Quality Tenants: Most businesses leasing a commercial space are well aware of their position and don’t want to do anything to jeopardize the future of their company, which means a great deal of the tenants will treat the property with the same amount of respect as their own home—if not more. That means commercial landlords may not have to worry as much about the condition of their units.
Triple Net Leases: Triple net leases represent agreements on behalf of commercial property owners and renters. As their names suggest, triple net leases will have the tenant pay all of the resulting real estate taxes, building insurance and maintenance (otherwise known as the three “nets”). Naturally, the renter will cover a great deal of the costs, which improves profit margins for the owner. That said, not all commercial real estate deals have ripple net leases.
Longer Lease Terms: Whereas most residential lease terms are about a year long, it’s not uncommon for commercial leases to triple their residential counterparts. In fact, most businesses would prefer leases upwards of five to two years, which bodes well for commercial investors. The longer periods inherently reduce turnover, and make life easier for those renting out commercial properties.

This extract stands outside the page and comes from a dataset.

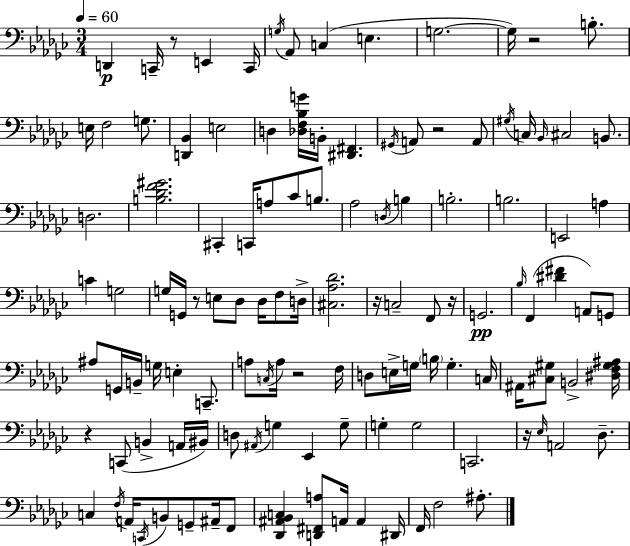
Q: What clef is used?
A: bass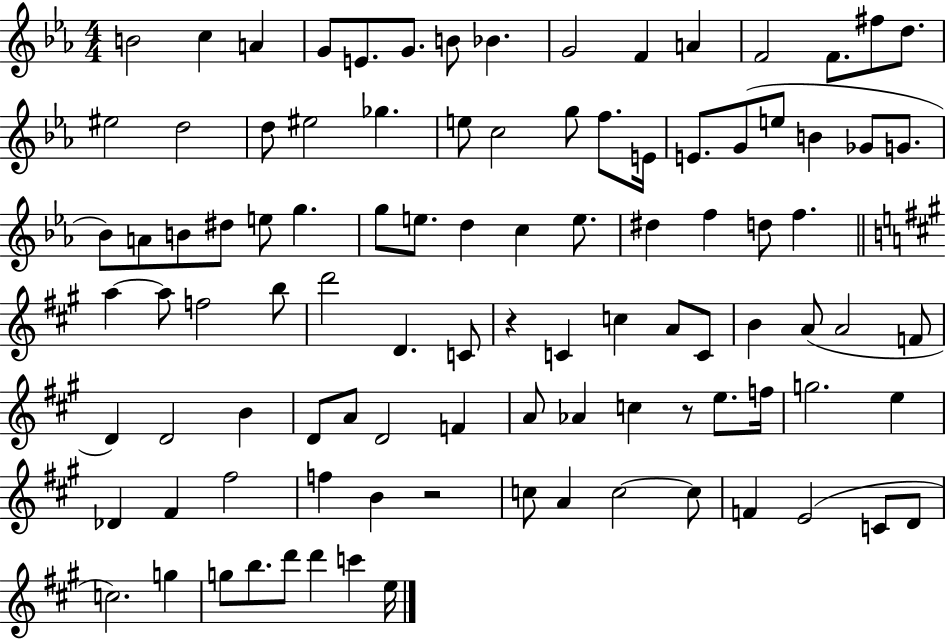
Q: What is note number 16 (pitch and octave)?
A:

Revenue-Based Valuation Model: Commercial real estate receives a great deal of its value from comps (comparables), but the true market value of a commercial property is more impacted by its ability to generate revenue. That means real estate investors may be able to increase the value of a commercial property easier than that of it’s residential counterparts that are primarily valued by examining the raw characteristics of nearby homes.

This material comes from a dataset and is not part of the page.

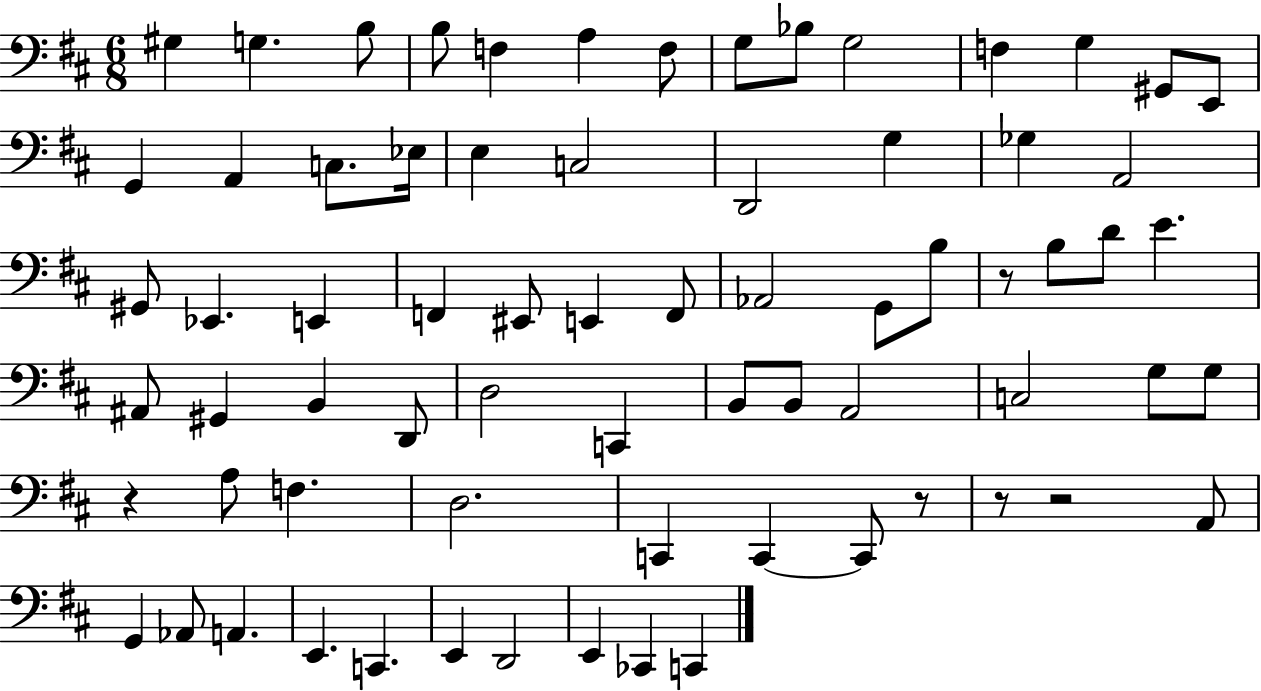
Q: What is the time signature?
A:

The commercial vs residential real estate debate is fueled by several differences, not the least of which include financing. At the very least, any sort of commercial vs residential financing comparisons will bring several differences to the surface. Everything from terms and conditions to penalties and qualifications will vary significantly between commercial and residential loans. The most notable difference, however, is the duration of loans for each asset class. Whereas most residential mortgages will span approximately 30 years, and coincide with longer amortization periods and smaller monthly payments, commercial loans are typically shorter (often lasting anywhere from five to 20 years).

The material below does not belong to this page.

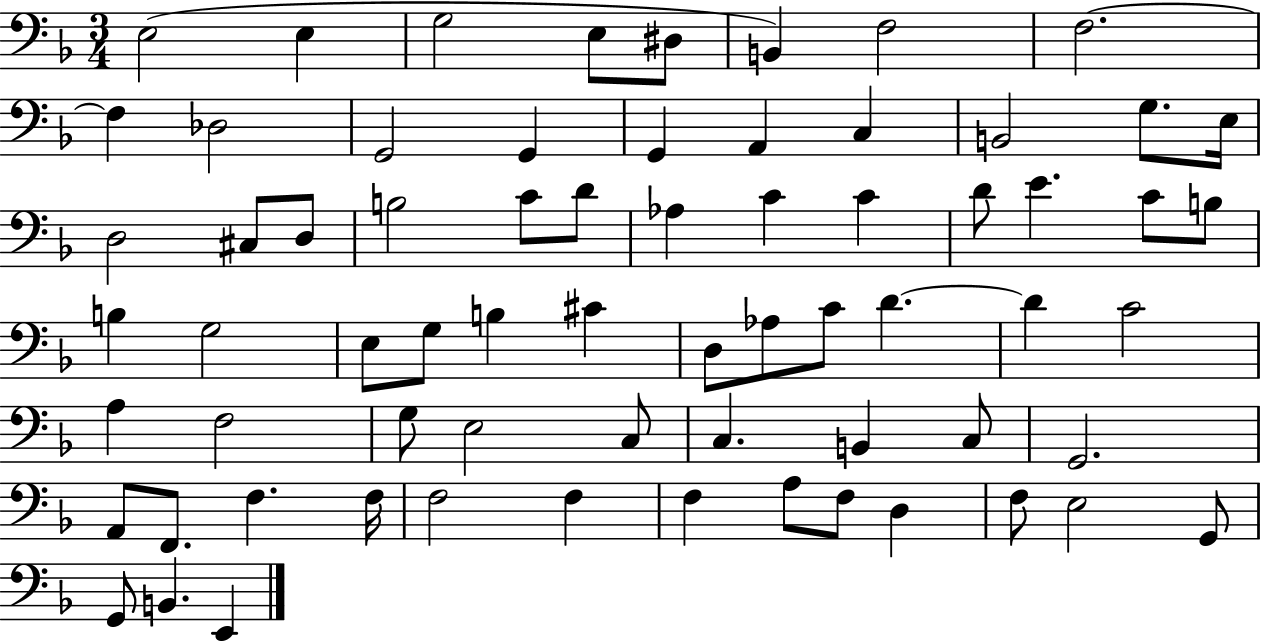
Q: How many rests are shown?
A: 0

While commercial and residential real estate are each a part of the same industry, there are inherent differences between the two exit strategies, none the least of which have sparked many a commercial vs residential real estate debate. However, for as many differences as there are between the two asset classes, none may be more prominent than the reason someone would choose to invest in them. If for nothing else, it’s what investors want out of investing that will ultimately determine which strategy is best for them. Those looking for quicker turnarounds and larger, upfront sums of money will most likely want to consider flipping residential real estate. Those in it for the long haul, however, will probably be drawn to the prospects of commercial properties.
The biggest difference between commercial real estate and residential real estate is perhaps the reason someone would consider investing in the first place. If for nothing else, there are significant advantages to each exit strategy; both have proven to be excellent investment vehicles. However, each class has something different to offer over prolonged periods of time. Therein lies the answer to the commercial vs residential real estate debate: the best class is ultimately the one that will get you one step closer to your own goals.